◆ ASSIGNED TASK:
Please, without the pictures, restate every entry exactly.

◆ INFORMATION GIVEN:
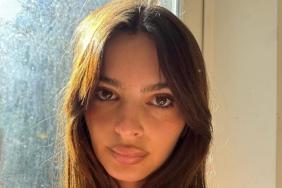 Emily Ratajkowski's Lingerie Photos Have the Internet in a Chokehold: 'Absolutely Breathtaking'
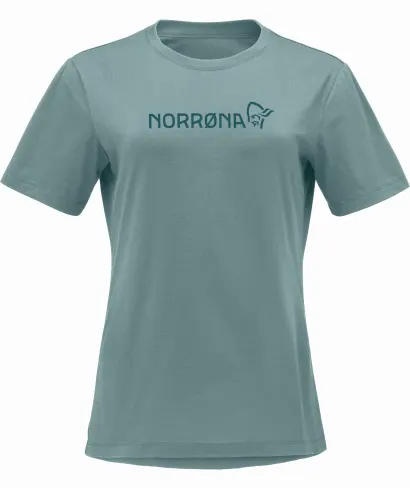 /29 cotton Norrøna viking T-shirt W's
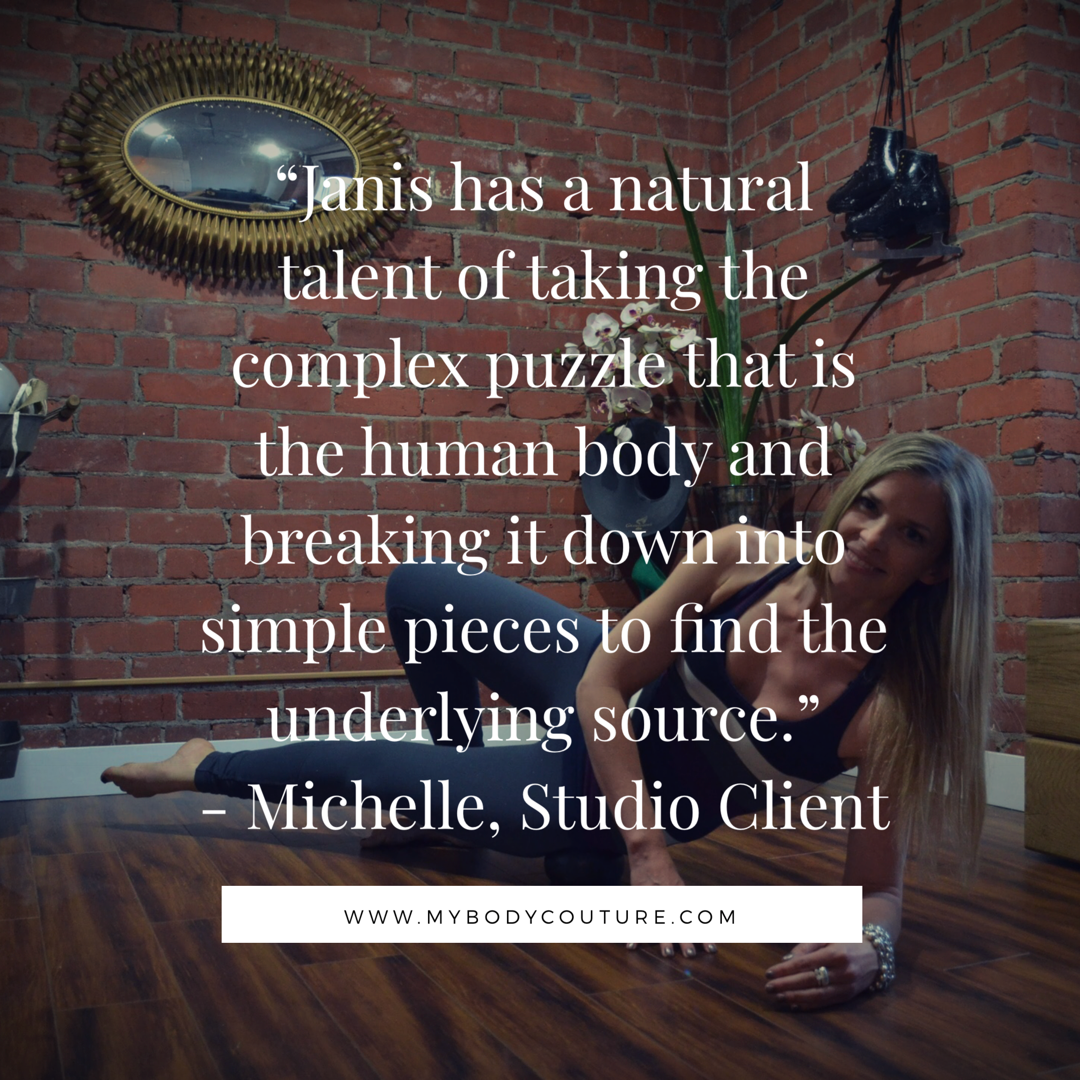 EDUCATION: MY BODY COUTURE ONE HOUR PRIVATE (IN-PERSON OR DIGITAL)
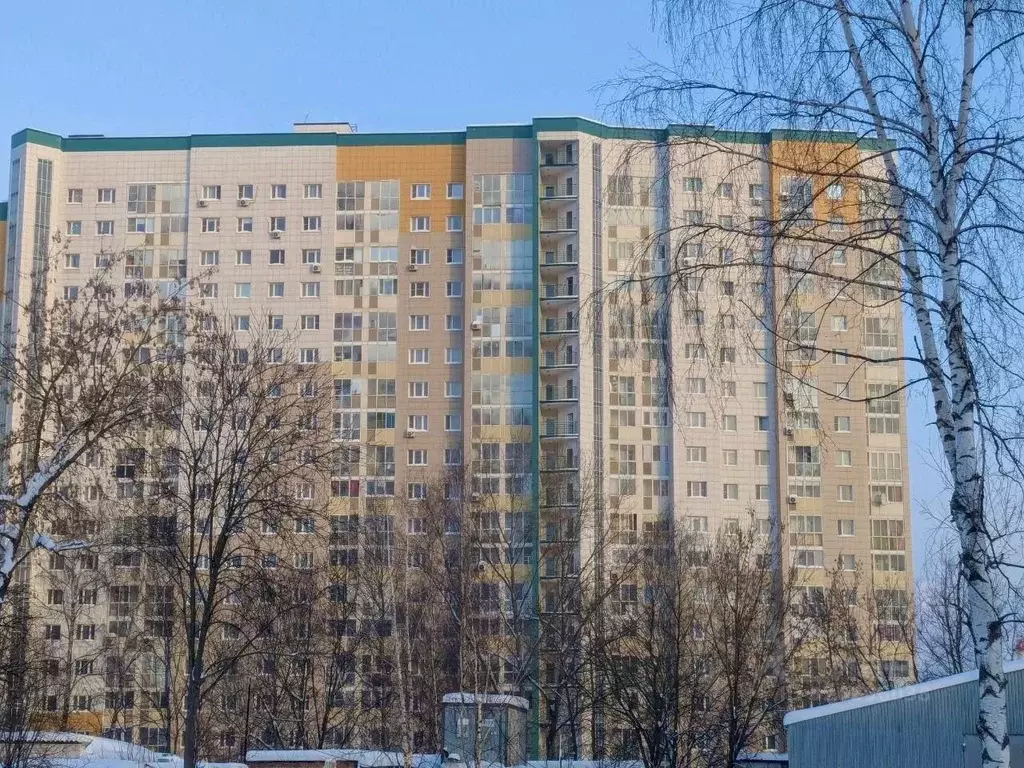 1-к кв. Московская область, Мытищи ул. Стрелковая, 6 (38.0 м) - Фото 1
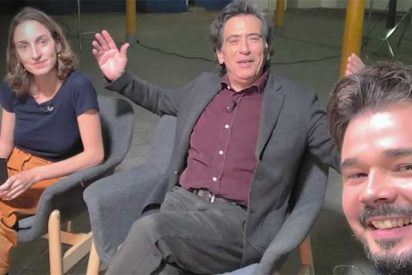 El Burladero / El 'zasca' con el que Arcadi Espada mand&oacute; a la lona a Gabriel Rufi&aacute;n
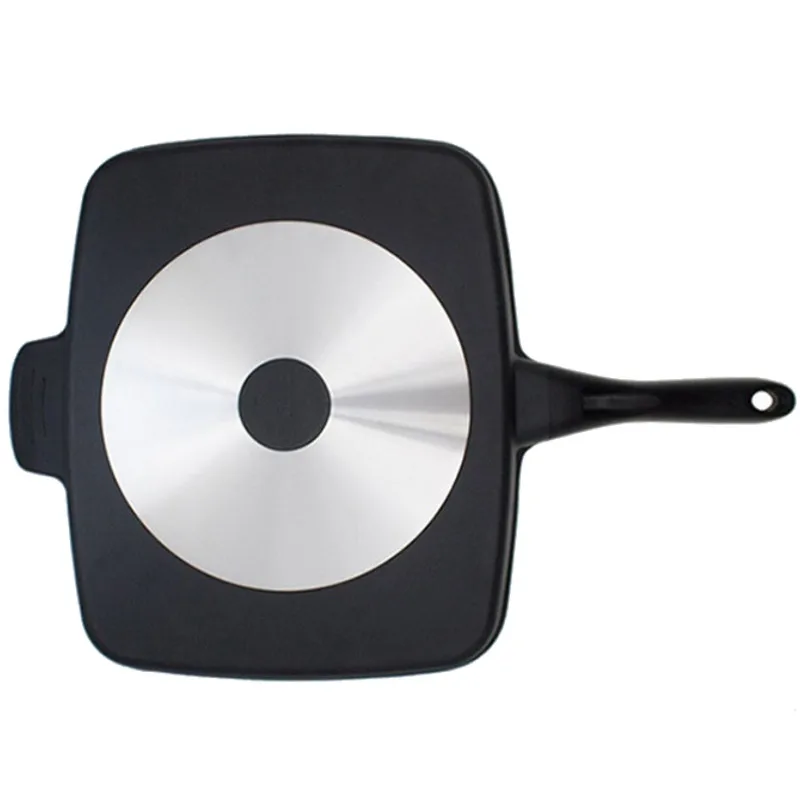 Multifunction Five-in-one Aluminum Alloy Non-Stick Frying Pan Grill Fry Oven Skillet Fryer Tray Household Kitchen Cooking Tools
Multifunction Five-in-one Aluminum Alloy Non-Stick Frying Pan Grill Fry Oven Skillet Fryer Tray Household Kitchen Cooking Tools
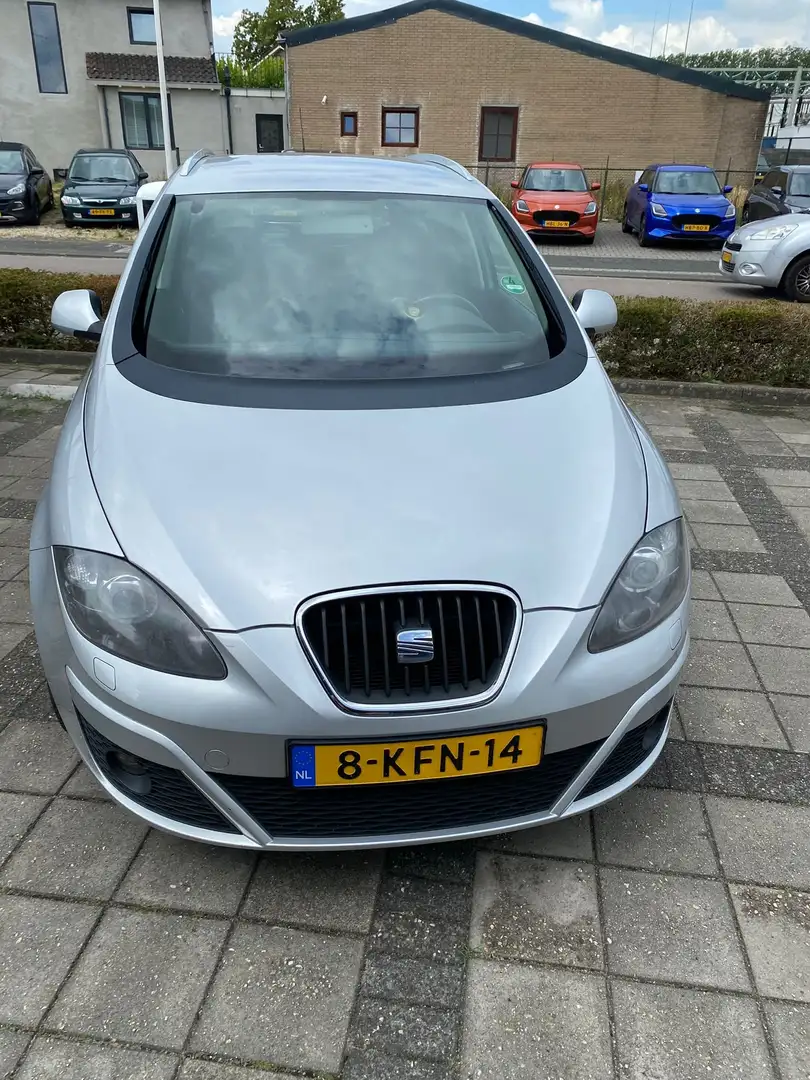 SEAT Altea XL Altea XL 1.2 TSI Eco.Bns COPA Zilver - 2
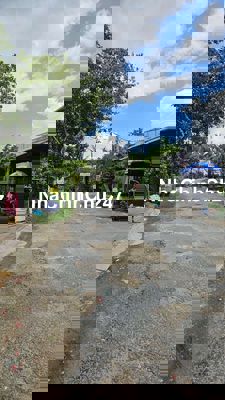 Bán cặp nền đường số 3, khu đông phú, châu thành, 90m2/ 1 nền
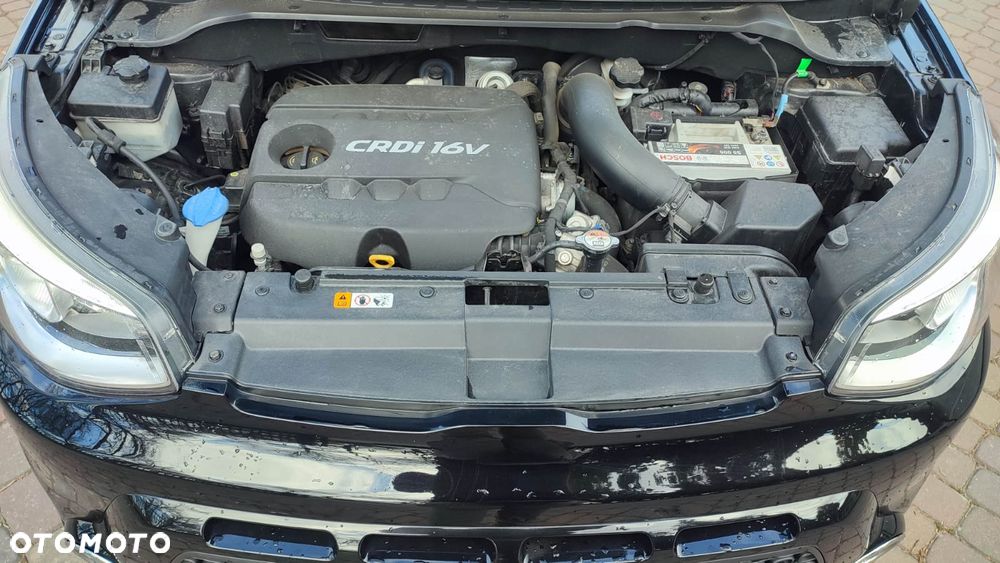 Kia Soul 1.6 CRDI Automatik Black Collection - 32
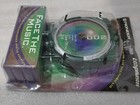 New Pioneer Loopmaster Pcd-002 Clear Portable Cd Player Old Stock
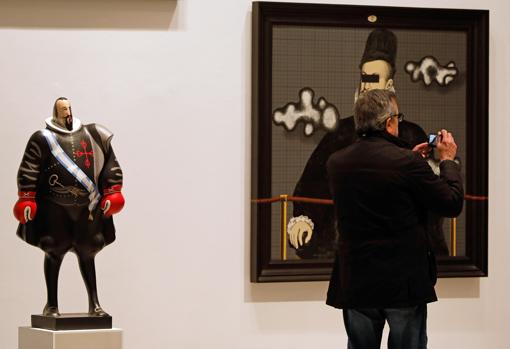 El IVAM recurre a Warhol y Basquiat para contextualizar medio siglo de arte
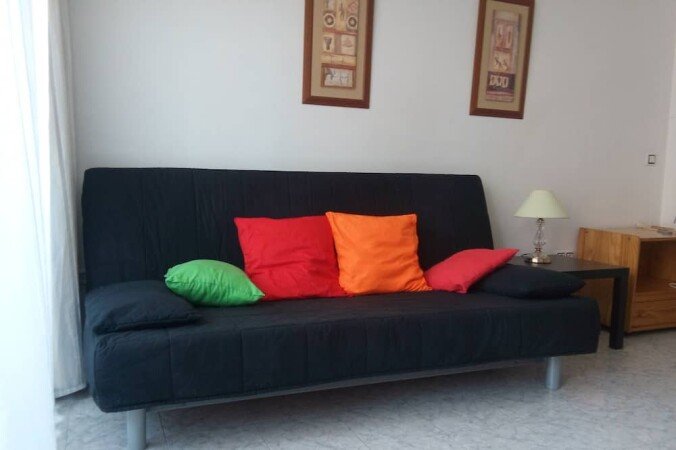 Wohnung 1 Schlafzimmer, mit Pool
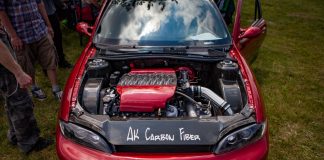Chevrolet LS4 Swapped Chevrolet Cavalier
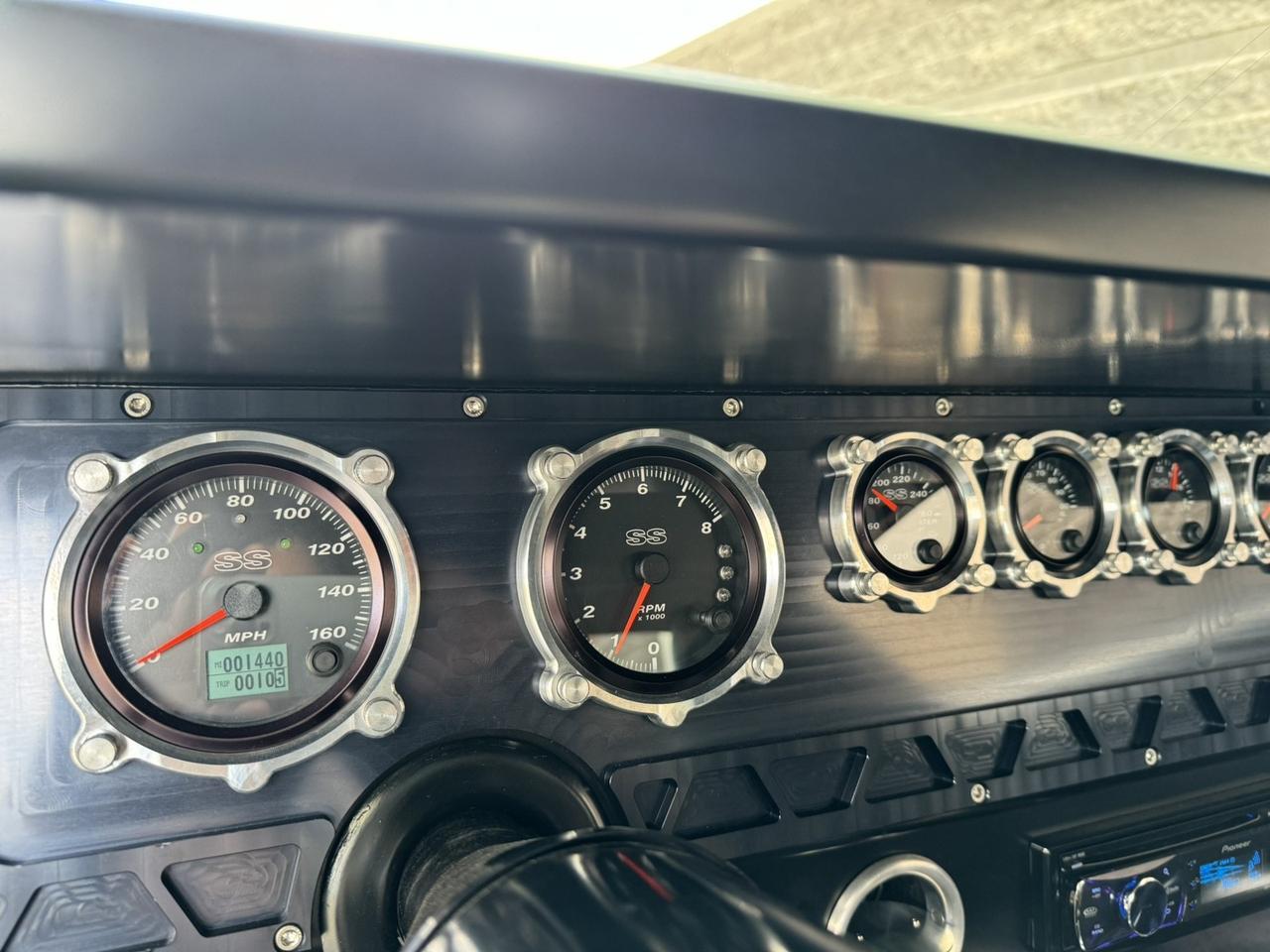 1970 Chevrolet Camaro Pro Touring 427ci 6spd Scottsdale AZ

◆ TASK RESPONSE:
 Emily Ratajkowski's Lingerie Photos Have the Internet in a Chokehold: 'Absolutely Breathtaking'
 /29 cotton Norrøna viking T-shirt W's
 EDUCATION: MY BODY COUTURE ONE HOUR PRIVATE (IN-PERSON OR DIGITAL)
 1-к кв. Московская область, Мытищи ул. Стрелковая, 6 (38.0 м) - Фото 1
 El Burladero / El 'zasca' con el que Arcadi Espada mand&oacute; a la lona a Gabriel Rufi&aacute;n
 Multifunction Five-in-one Aluminum Alloy Non-Stick Frying Pan Grill Fry Oven Skillet Fryer Tray Household Kitchen Cooking Tools
Multifunction Five-in-one Aluminum Alloy Non-Stick Frying Pan Grill Fry Oven Skillet Fryer Tray Household Kitchen Cooking Tools
 SEAT Altea XL Altea XL 1.2 TSI Eco.Bns COPA Zilver - 2
 Bán cặp nền đường số 3, khu đông phú, châu thành, 90m2/ 1 nền
 Kia Soul 1.6 CRDI Automatik Black Collection - 32
 New Pioneer Loopmaster Pcd-002 Clear Portable Cd Player Old Stock
 El IVAM recurre a Warhol y Basquiat para contextualizar medio siglo de arte
 Wohnung 1 Schlafzimmer, mit Pool
Chevrolet LS4 Swapped Chevrolet Cavalier
 1970 Chevrolet Camaro Pro Touring 427ci 6spd Scottsdale AZ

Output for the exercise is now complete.